After winning a secret vote of MPs, Mr Littleproud took a clear side.

“The global community asked us to sign up to net zero by 2050,” Mr Littleproud said.

“Obviously you’ve got to appreciate the National Party can’t win an election by itself and this Liberal Party can’t win an election by themselves.

“They need us. We need to work together. A sensible centre is where you win elections, not chasing extremities down rabbit holes.”

Mr Joyce’s stance helped cement a view already suggested by the unflattering texts he sent about Scott Morrison and the personal scandals that ended his first time in the top job.

The same personal qualities that appealed to the party’s base seemed to be incompatible with steady leadership.

This raised concerns about what role he might play in an uncertain political environment, like the future renegotiation of a Coalition agreement with a diminished Liberal Party.

Mr Joyce flirted with not reaffirming the net-zero pledge.
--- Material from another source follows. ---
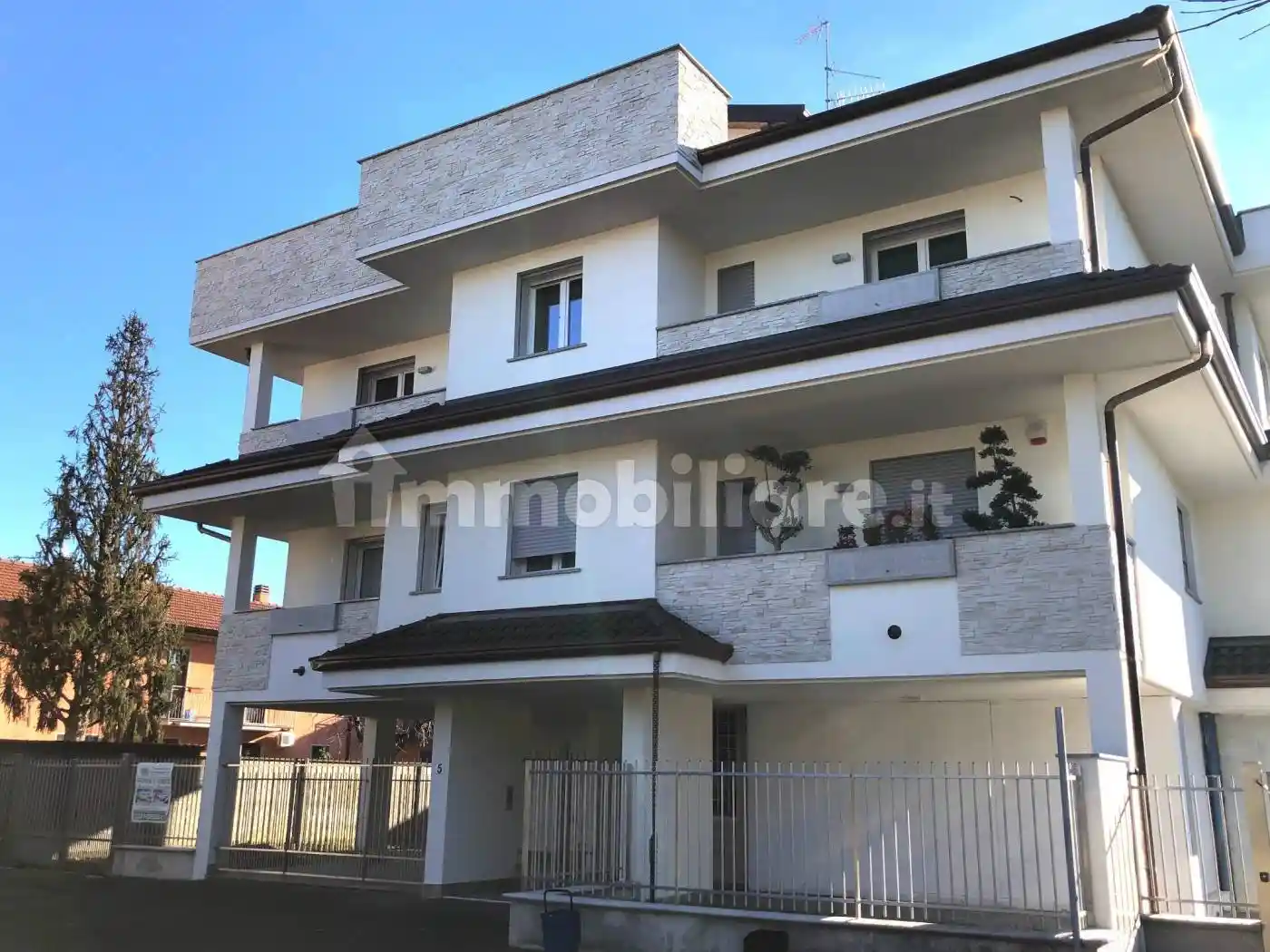 Appartamento in vendita a Rescaldina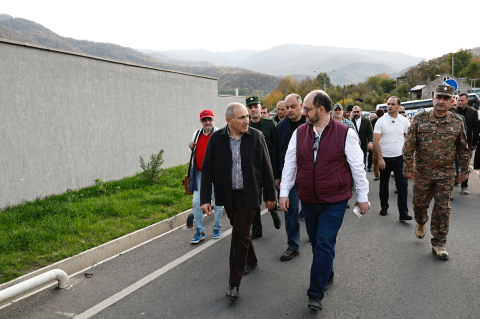 رئيس الوزراء باشينيان يزور برفقة أعضاء المجلس العام المنطقة الحدودية كيرانتس ومدرسة تمّ بناؤها حديثاً-فيديو-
But as one MP noted, policy would have been set by the party room under either leader.

Any vote would have resolved to keep the commitment rather than reopen the divide between a Queensland branch concerned about mining and a Victorian organisation cheering on the rise of clean energy.

Other MPs more openly concede that this was about Mr Joyce’s personal style and declining public image.
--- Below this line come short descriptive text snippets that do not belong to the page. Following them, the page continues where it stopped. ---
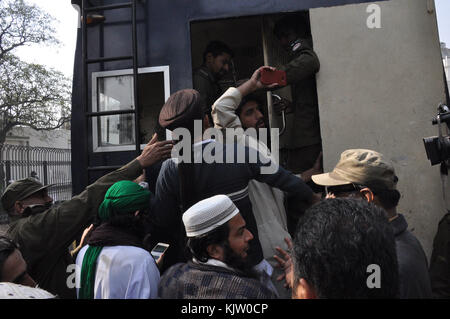 Lahore, Pakistan. 25Th nov, 2017 L'arrestation des responsables de la sécurité pakistanaise. les travailleurs de Tehreek-i-labaik yah rasool allah pakistan (tlyrap) groupe religieux pendant qu'ils étaient crier des slogans contre le gouvernement pendant une manifestation à Lahore le 25 novembre 2017. Les forces pakistanaises se sont affrontés violemment avec les manifestants religieux extrémiste à Islamabad le 25 novembre, avec au moins 40 personnes ont été tuées, plus de 900 blessés et petites démonstrations de s'étendre à d'autres villes du Pakistan après que la police a réprimé un islamiste sit-in. crédit : rana sajid hussain/pacific press/Alamy live news Banque D'Images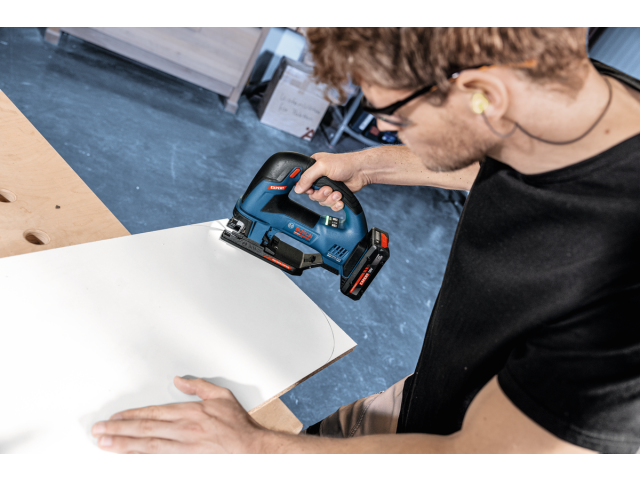 Akumulatorska vbodna žaga Bosch Expert EXST 18V-155 B, 06015B1100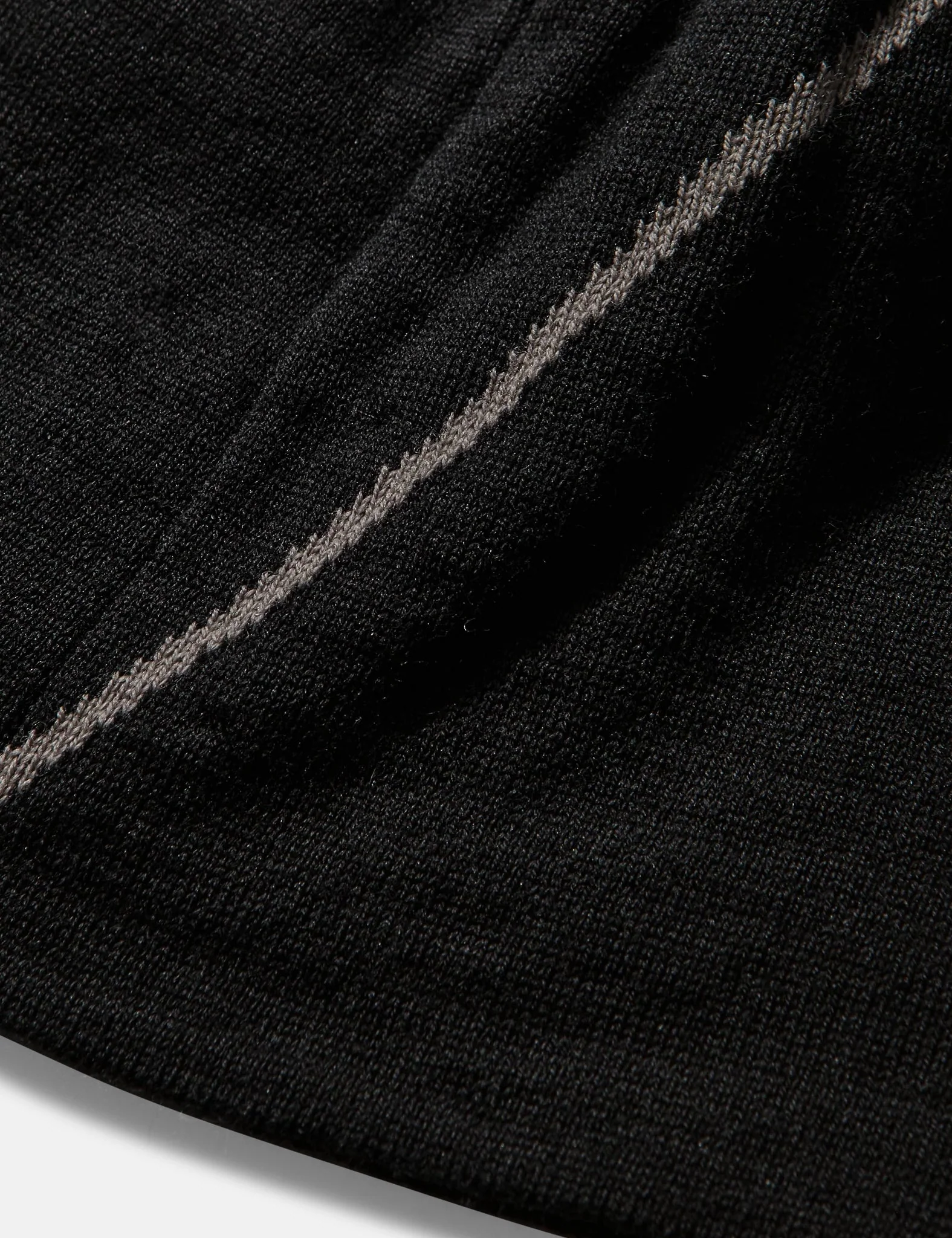 ROA Logo Wool Beanie Hat - Black - Image 3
Barnaby Joyce UK energy crisis
Barnaby Joyce’s leadership faced a challenge long before election day. Photo: AAP

Election pretext

Stories suggesting he might face a challenge started appearing long before election day, but even as the party kept its seats it provided a pretext for his challenge.
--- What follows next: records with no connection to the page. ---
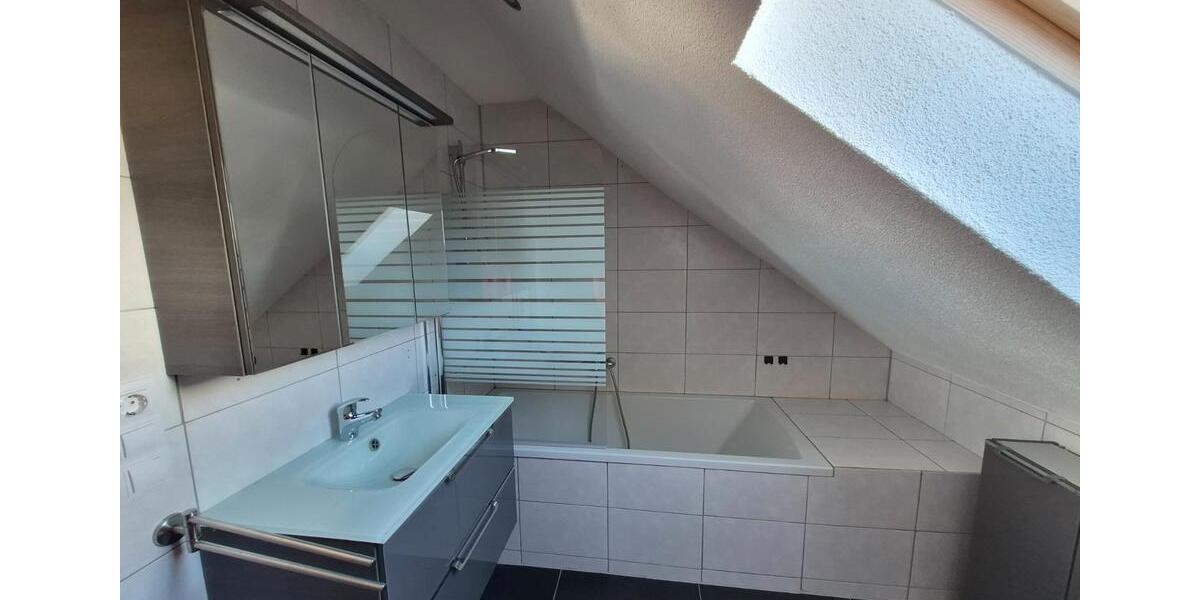 Dachgeschoßwohnung Nennslingen - 2 Zimmer, 85 m&sup2;, 600&euro; | Angebot:26398518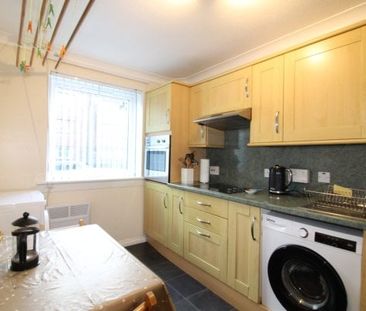 South Campbell Street, Paisley - Photo 1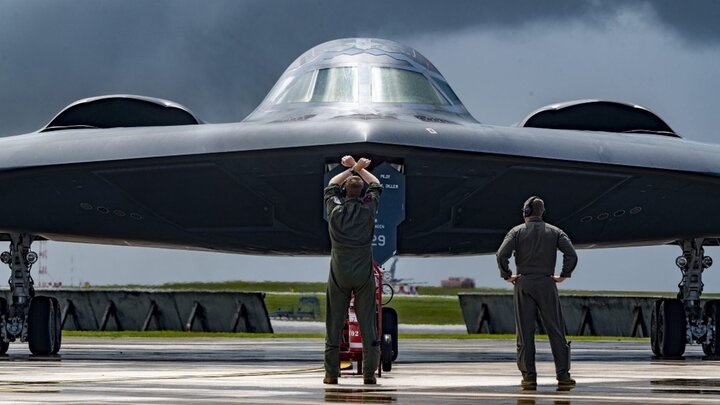 سقوط افسانه بمب‌افکن B-2 آمریکا در هاوایی!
This was about the next election.

“This was the last acceptable chance,” said one MP who moved behind Mr Littleproud, referring to an automatic leadership spill that followed elections.

Research suggesting he dragged on the Coalition’s national vote was concerning to senior Nationals but more so were thoughts about what his image might be like after exposure to another three years’ political gravity.

Earlier in his career Mr Joyce’s political style was a great advertisement for a party that traded on a reputation of standing up for its constituency.

But it made his leadership untenable once it threatened what Nationals have promised their base for a century: A seat at the table of government and a share of its spoils.